**TASK REQUIREMENTS**
Pull each line containing "that" from the data.

**DATA PROVIDED**
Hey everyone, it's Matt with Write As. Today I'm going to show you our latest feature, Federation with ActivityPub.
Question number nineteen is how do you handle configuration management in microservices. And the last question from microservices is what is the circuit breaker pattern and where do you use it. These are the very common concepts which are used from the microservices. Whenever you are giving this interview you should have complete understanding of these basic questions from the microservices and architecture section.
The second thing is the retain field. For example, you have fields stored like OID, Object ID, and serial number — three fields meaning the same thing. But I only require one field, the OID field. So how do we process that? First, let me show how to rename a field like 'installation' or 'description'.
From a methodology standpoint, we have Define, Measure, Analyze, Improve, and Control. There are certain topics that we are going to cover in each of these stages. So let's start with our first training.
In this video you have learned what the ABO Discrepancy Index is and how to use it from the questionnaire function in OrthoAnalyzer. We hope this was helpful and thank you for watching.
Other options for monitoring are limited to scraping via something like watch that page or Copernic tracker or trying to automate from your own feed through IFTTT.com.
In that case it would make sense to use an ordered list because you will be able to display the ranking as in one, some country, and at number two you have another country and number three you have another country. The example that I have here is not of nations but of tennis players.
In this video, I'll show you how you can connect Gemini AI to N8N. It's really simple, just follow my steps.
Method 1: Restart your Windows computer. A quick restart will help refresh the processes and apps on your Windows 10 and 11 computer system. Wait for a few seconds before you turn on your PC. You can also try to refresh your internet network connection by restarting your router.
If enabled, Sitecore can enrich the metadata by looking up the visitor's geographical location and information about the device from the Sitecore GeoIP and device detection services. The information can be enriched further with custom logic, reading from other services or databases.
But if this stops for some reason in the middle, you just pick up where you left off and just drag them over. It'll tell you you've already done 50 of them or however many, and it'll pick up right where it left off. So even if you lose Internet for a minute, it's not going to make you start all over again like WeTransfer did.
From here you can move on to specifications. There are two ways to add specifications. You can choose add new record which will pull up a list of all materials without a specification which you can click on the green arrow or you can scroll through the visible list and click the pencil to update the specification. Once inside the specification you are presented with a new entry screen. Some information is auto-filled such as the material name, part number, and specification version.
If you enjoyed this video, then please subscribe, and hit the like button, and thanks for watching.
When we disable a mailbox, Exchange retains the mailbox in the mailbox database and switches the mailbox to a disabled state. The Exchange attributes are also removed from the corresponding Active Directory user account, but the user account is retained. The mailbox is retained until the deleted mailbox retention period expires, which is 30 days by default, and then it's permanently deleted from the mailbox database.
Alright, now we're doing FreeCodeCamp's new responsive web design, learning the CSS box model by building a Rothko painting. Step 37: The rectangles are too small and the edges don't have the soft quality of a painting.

**RESULT FOR THIS TASK**
The second thing is the retain field. For example, you have fields stored like OID, Object ID, and serial number — three fields meaning the same thing. But I only require one field, the OID field. So how do we process that? First, let me show how to rename a field like 'installation' or 'description'.
From a methodology standpoint, we have Define, Measure, Analyze, Improve, and Control. There are certain topics that we are going to cover in each of these stages. So let's start with our first training.
Other options for monitoring are limited to scraping via something like watch that page or Copernic tracker or trying to automate from your own feed through IFTTT.com.
In that case it would make sense to use an ordered list because you will be able to display the ranking as in one, some country, and at number two you have another country and number three you have another country. The example that I have here is not of nations but of tennis players.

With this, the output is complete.